Et l'une des principales raisons de cette bêtise généralisée dont je parlais vient de ce que la plupart se soumettent à cette exigence et adoptent, plus ou moins fanatiquement, cette pensée collective toujours pauvre par essence. La seule façon d'échapper à cette emprise c'est de lever la tête pour la sortir de l'eau ambiante et respirer l'air, connaître la pensée d'autres sociétés, d'autres époques et d'autres lieux. Seulement ainsi l'homme peut-il jouir de points de comparaison qui lui font voir d'autres principes organisateurs de la société, d'autres buts, d'autres formes de vie collective afin de pouvoir garder l'esprit libre et critique à l'égard de la société où il vit et de ne pas tomber dans l'erreur fréquente, mais grossière, de ne plus apercevoir ses défauts et de la juger non seulement supérieure à toutes les précédentes, mais même la seule valable qu'on ait connu jusqu'ici.
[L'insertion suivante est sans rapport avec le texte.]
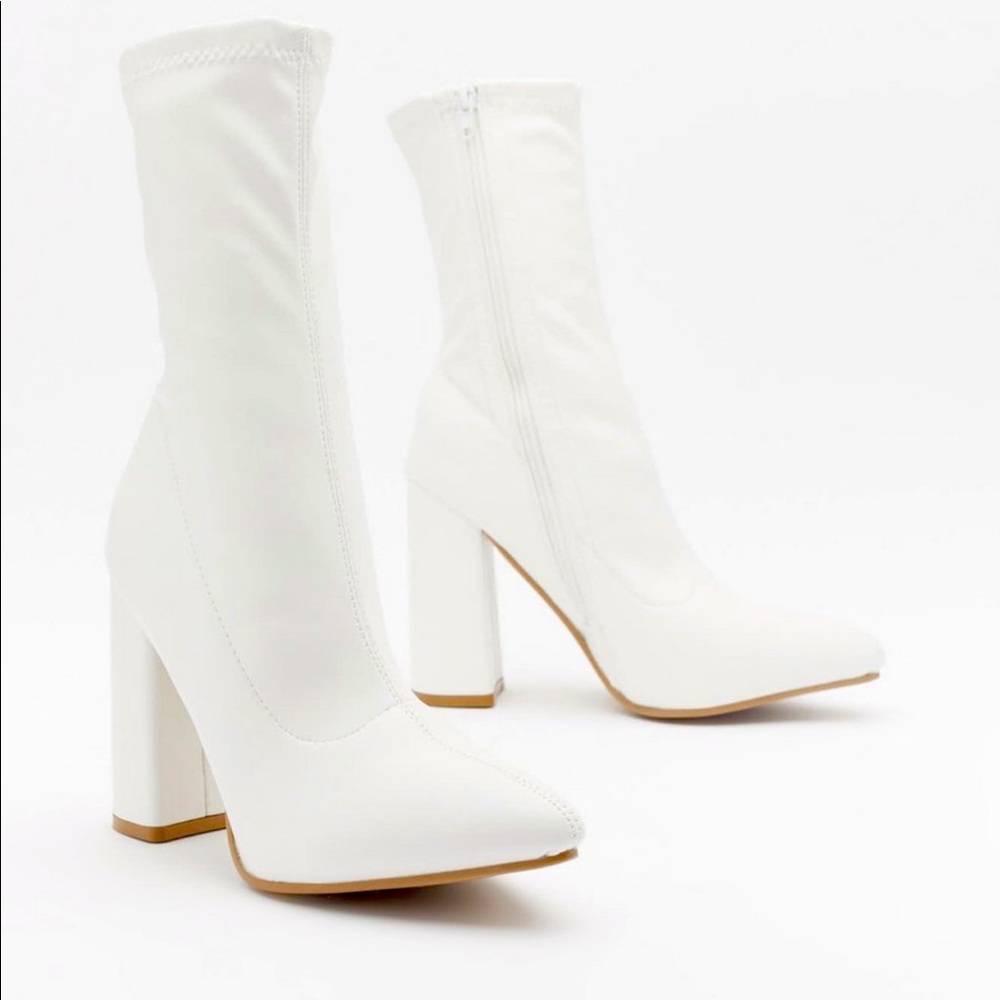 White Pointed Faux Leather Sock Boots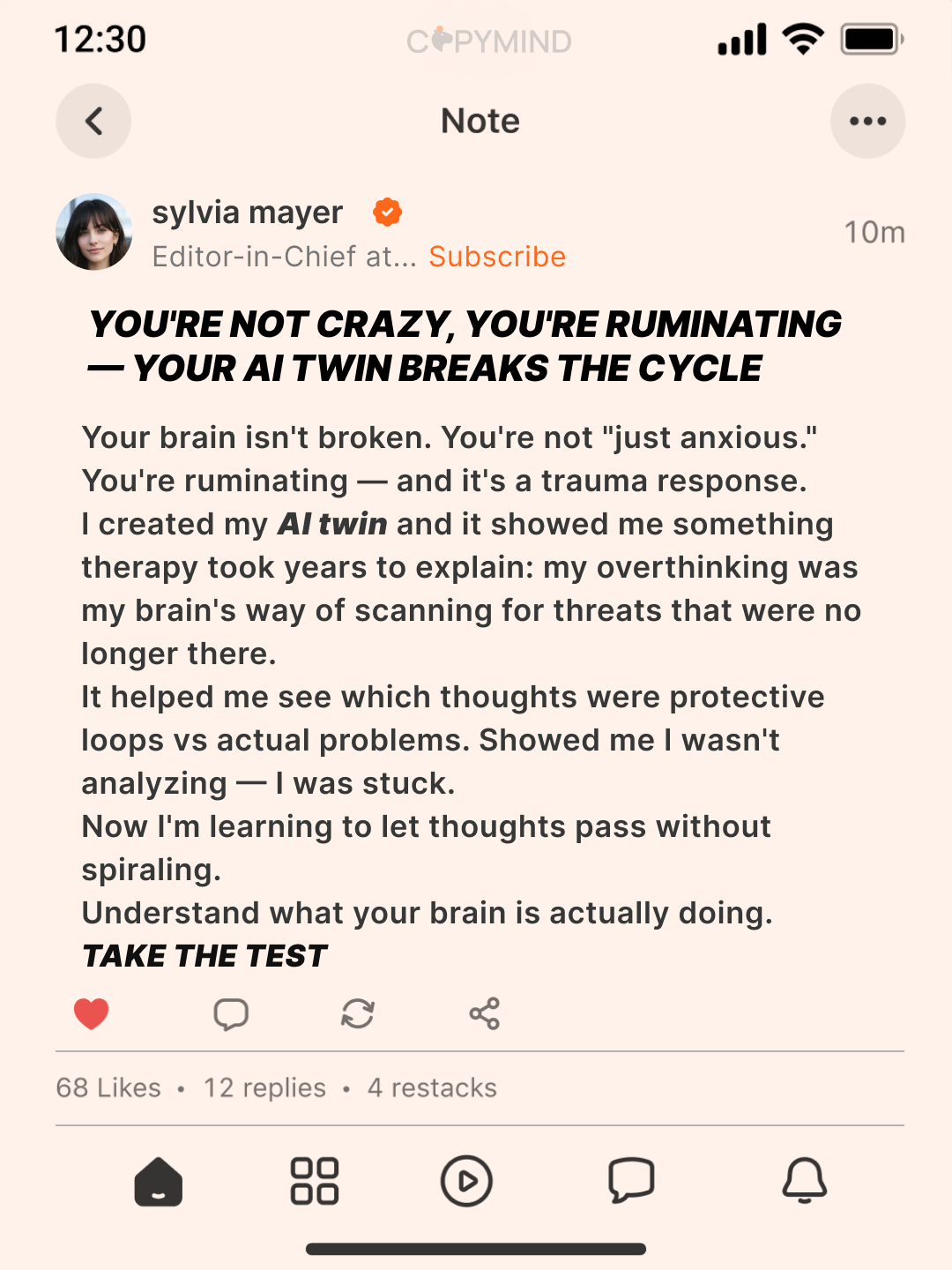 AI Mind Healing Facebook ad: Try the Copymind app today!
Marie m'interrompit, l'œil narquois, un charmant sourire sur ses lèvres.
– Arrêtez! Il suffit! Vous m'avez convaincue. Il ne sera pas nécessaire d'éreinter davantage cette pauvre humanité. Mais permettez que je vous lance un défi.
– Lancez, madame, lancez. Nous verrons bien.
– Hé bien! choisissez, dit-elle, une mortelle parmi toutes celles qui furent malmenées par la redoutable Vénus et composez quelques centaines de vers où la pauvre fait le récit de ses malheurs et nous ferons ensemble une conférence où, après une introduction que vous ferez, je réciterai votre poème.
– Madame, je relève ce défi.
Elle me demanda alors s'il lui était permis de savoir à quelle amoureuse délaissée j'allais songer.
– Vous le saurez madame, lui dis-je, et ce sera la princesse Io, follement aimée par le roi des dieux, puis changée en génisse par la jalousie d'Héra, l'épouse outragée.